**HOW TO COMPLETE THIS TASK**
From the line with "3 Marthas Hooded" to the line with "anime characters:Gyee, Muscle", retype each line exactly as it stands in the records below, but skip the pictures.

**ENTRIES PROVIDED**
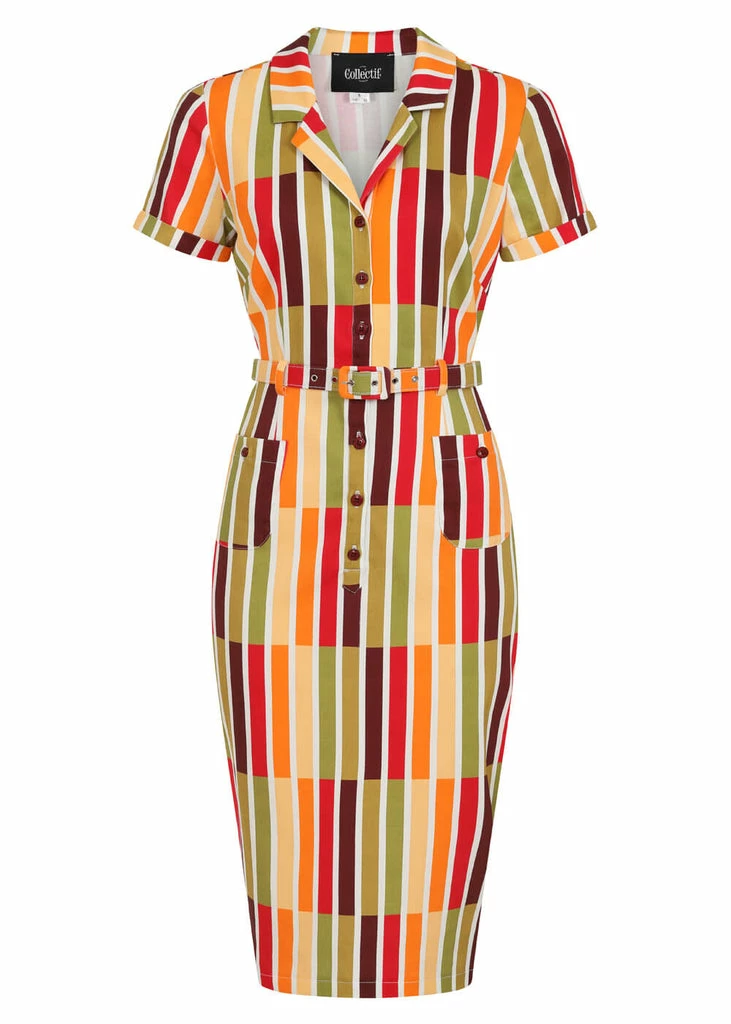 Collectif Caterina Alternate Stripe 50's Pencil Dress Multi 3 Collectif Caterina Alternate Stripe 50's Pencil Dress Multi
==
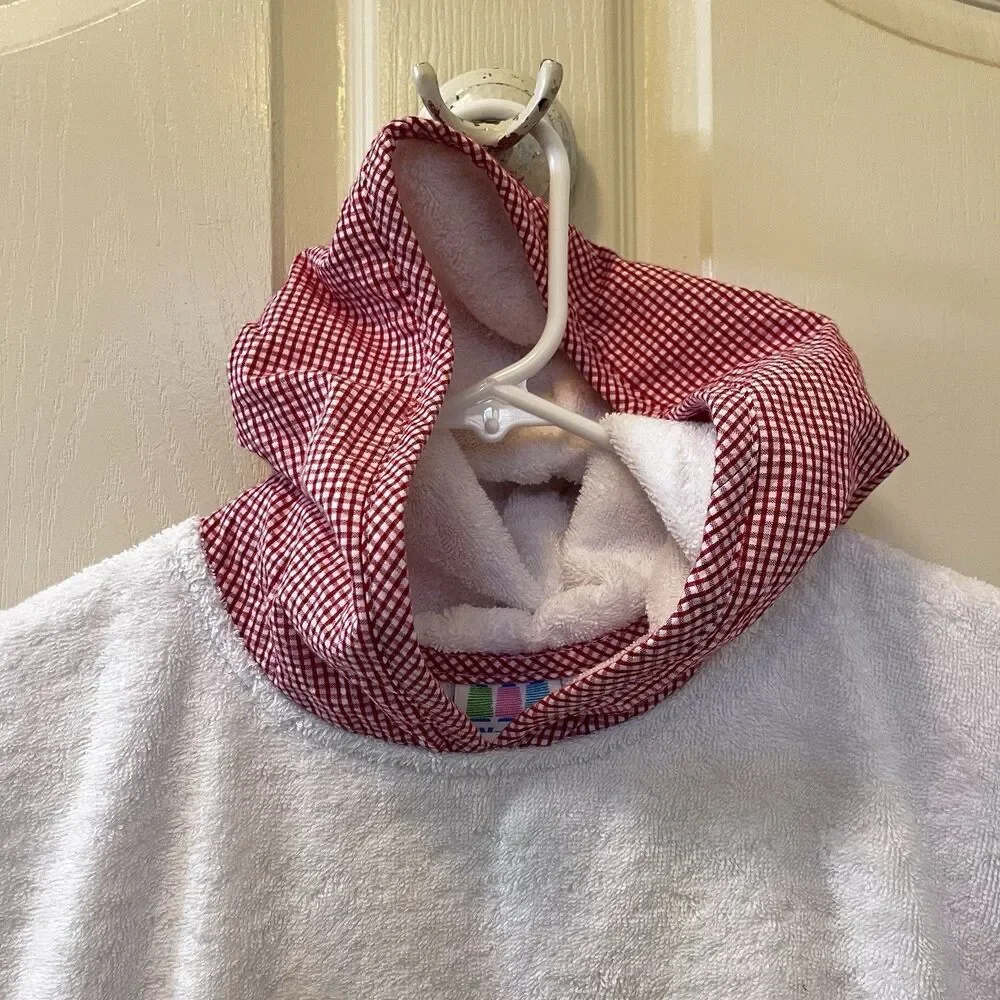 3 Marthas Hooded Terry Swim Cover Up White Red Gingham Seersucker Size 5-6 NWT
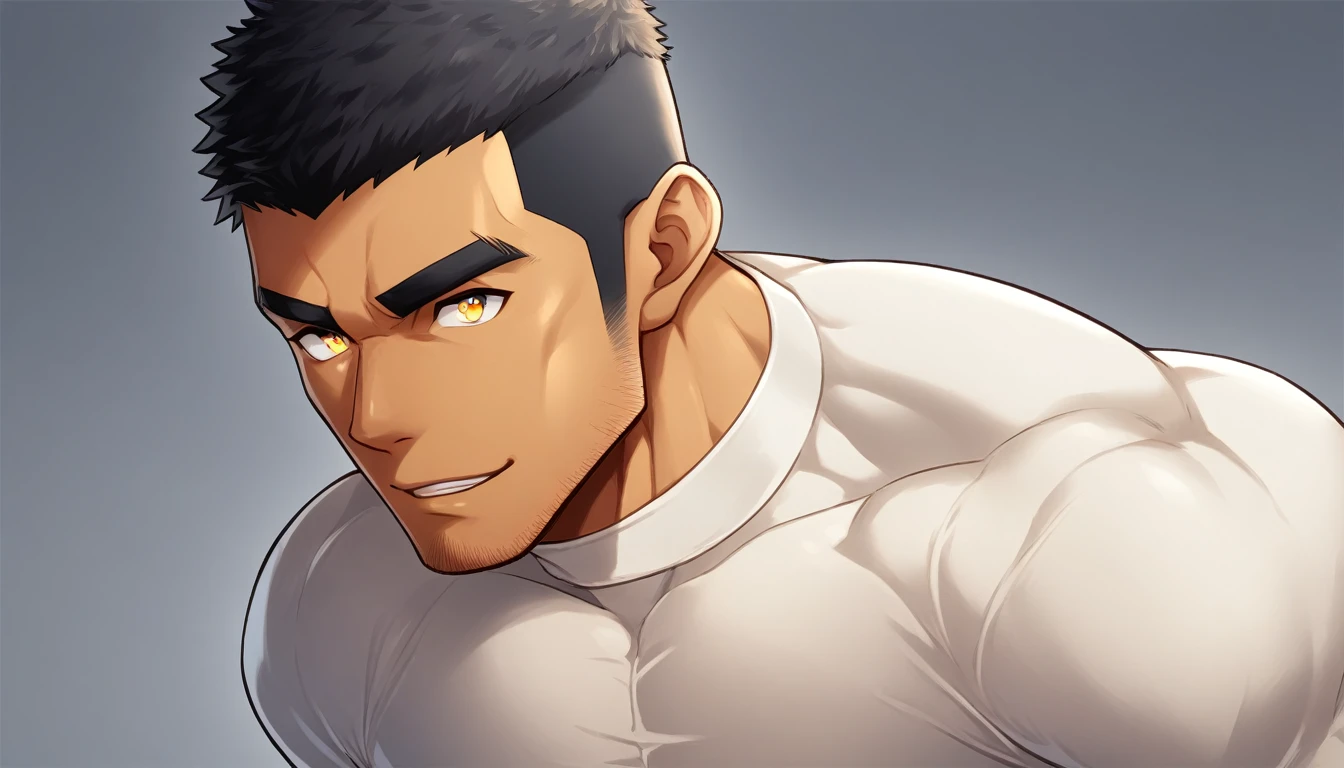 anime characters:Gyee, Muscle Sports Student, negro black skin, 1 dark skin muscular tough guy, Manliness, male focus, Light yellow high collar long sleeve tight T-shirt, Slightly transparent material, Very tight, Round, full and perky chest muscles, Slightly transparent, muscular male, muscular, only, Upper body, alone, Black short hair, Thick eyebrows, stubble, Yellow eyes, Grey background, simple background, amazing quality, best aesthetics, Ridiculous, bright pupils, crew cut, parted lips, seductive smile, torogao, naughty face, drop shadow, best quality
...
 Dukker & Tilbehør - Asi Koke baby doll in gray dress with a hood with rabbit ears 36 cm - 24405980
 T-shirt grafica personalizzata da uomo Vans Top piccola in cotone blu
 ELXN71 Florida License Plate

**RESPONSE TO THIS TASK**
 3 Marthas Hooded Terry Swim Cover Up White Red Gingham Seersucker Size 5-6 NWT
 anime characters:Gyee, Muscle Sports Student, negro black skin, 1 dark skin muscular tough guy, Manliness, male focus, Light yellow high collar long sleeve tight T-shirt, Slightly transparent material, Very tight, Round, full and perky chest muscles, Slightly transparent, muscular male, muscular, only, Upper body, alone, Black short hair, Thick eyebrows, stubble, Yellow eyes, Grey background, simple background, amazing quality, best aesthetics, Ridiculous, bright pupils, crew cut, parted lips, seductive smile, torogao, naughty face, drop shadow, best quality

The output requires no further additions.